どちらの効率を優先すべきか?
一つは、「熱効率」「(自動車等の)燃費」「発電効率」のように投入されるエネルギーに対して、仕事をするエネルギーに変換される割合です。そこから、同じ仕事をするときの消費エネルギーの少なさという意味になっています。
そしてもう一つの『効率』は、単位時間内にできる仕事の量です。
時と場合に応じて、どちらの「効率」もよく使われていますが、この二つは、しばしばトレードオフの関係にあります。すなわち、エネルギー効率を追求すると時間的効率が悪くなり、逆に時間的効率を追求すると、エネルギー効率は悪くなる傾向があります。
簡単な例を挙げますと、「移動」があります。 同じ距離を自動車で行く場合と自転車で行く場合を比べれば明らかでしょう。

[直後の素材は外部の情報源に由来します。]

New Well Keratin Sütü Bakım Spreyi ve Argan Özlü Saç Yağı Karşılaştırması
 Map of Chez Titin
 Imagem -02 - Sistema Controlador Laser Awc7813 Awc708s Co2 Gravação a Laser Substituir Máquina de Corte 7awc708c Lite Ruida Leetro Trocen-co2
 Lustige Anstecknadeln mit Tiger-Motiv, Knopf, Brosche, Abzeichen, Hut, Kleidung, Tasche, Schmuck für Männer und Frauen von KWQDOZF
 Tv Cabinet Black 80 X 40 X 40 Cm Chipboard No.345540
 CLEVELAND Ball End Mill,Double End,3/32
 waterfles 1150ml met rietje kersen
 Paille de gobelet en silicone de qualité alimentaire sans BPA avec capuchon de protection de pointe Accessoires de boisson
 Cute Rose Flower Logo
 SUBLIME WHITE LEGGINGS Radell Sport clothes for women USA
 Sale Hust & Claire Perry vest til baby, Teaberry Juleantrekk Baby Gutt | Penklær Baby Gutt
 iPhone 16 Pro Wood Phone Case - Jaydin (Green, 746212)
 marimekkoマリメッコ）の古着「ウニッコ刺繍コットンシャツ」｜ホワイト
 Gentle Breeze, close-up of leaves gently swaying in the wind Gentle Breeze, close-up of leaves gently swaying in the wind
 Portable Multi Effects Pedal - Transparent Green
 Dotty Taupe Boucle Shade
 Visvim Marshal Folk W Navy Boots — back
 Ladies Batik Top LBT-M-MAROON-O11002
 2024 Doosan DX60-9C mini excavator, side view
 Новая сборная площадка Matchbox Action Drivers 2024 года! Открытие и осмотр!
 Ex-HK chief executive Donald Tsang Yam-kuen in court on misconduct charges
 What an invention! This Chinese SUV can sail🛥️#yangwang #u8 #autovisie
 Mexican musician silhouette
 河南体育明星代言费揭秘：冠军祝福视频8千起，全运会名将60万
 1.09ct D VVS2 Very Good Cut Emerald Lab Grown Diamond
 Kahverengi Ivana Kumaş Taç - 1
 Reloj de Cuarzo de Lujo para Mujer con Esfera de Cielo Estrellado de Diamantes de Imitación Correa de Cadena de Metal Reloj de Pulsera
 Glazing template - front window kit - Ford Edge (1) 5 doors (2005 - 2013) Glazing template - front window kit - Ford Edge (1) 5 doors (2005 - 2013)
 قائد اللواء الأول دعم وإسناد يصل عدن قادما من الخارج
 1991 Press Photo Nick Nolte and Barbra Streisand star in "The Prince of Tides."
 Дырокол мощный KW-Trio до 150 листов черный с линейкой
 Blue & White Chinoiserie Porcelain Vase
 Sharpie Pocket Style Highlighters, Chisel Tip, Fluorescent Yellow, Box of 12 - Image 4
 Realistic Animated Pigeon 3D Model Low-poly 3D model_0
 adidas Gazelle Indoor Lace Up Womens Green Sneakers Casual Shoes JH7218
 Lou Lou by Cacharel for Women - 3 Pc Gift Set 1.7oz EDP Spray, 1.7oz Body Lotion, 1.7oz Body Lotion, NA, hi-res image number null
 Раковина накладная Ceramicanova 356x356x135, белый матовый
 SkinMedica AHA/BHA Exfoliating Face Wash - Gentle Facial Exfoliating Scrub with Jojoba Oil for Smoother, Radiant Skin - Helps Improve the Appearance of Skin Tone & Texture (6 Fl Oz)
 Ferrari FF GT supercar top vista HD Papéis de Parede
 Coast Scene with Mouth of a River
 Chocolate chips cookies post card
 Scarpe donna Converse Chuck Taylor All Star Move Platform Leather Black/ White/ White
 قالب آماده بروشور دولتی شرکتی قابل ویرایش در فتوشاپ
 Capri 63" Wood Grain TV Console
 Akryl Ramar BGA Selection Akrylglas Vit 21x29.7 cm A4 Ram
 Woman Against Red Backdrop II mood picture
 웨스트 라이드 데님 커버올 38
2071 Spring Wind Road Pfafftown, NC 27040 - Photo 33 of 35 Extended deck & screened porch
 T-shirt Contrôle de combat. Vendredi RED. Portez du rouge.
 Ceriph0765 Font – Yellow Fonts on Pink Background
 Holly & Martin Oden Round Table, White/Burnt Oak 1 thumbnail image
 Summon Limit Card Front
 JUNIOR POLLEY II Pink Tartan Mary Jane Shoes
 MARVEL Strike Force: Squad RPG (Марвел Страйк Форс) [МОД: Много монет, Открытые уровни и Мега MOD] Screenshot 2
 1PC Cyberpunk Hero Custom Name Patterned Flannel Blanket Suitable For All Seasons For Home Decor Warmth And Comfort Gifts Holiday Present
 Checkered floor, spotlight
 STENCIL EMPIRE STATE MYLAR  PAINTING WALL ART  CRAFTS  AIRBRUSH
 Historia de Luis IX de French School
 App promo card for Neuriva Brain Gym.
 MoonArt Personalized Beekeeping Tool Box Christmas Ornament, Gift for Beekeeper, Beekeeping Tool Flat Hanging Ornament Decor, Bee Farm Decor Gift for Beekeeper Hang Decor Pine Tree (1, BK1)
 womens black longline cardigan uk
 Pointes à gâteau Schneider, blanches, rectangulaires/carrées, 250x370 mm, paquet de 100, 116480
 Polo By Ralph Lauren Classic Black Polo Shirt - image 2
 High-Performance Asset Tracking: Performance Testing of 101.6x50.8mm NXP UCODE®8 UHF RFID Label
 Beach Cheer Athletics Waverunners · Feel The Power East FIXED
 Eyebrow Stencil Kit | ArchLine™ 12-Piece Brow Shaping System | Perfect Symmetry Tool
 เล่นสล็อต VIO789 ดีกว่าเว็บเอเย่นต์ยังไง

試算してみます。100kmの道のりを自動車で行けば、一般道を渋滞もなくスムーズに行けた場合、およそ2時間で、ガソリン車なら、5〜10ℓくらいを消費します。計算が楽なように8ℓとしましょう。
ガソリンの燃焼エネルギーを
10000kcal/ℓ として カロリーに換算すると
8ℓ×10000kcal/ℓ =80000kcal 消費します。
この道のりを自転車であまりスピードを出さずに普通に走れば、5〜10時間くらいかかりますが、計算が楽なように(笑)8時間としましょう。この平均時速12.5km/h なら途中で休憩しても達成できます。
費やすエネルギーは人力です。多めに見積もって、
1000kcal/day ≒ 40kcal/h として、
40kcal/h ×8h=320kcal 消費します。

まとめると次のようになります。
時間 エネルギー使用量
自動車移動 2h 80000kcal
自転車移動 8h 320 kcal
自転車移動は、自動車移動に比べて
時間は4倍かかりますから時間効率は4分の1ということになります。
(これは、普段自転車に乗っている自分自身の経験的には、自転車の時間がかかり過ぎる計算になります。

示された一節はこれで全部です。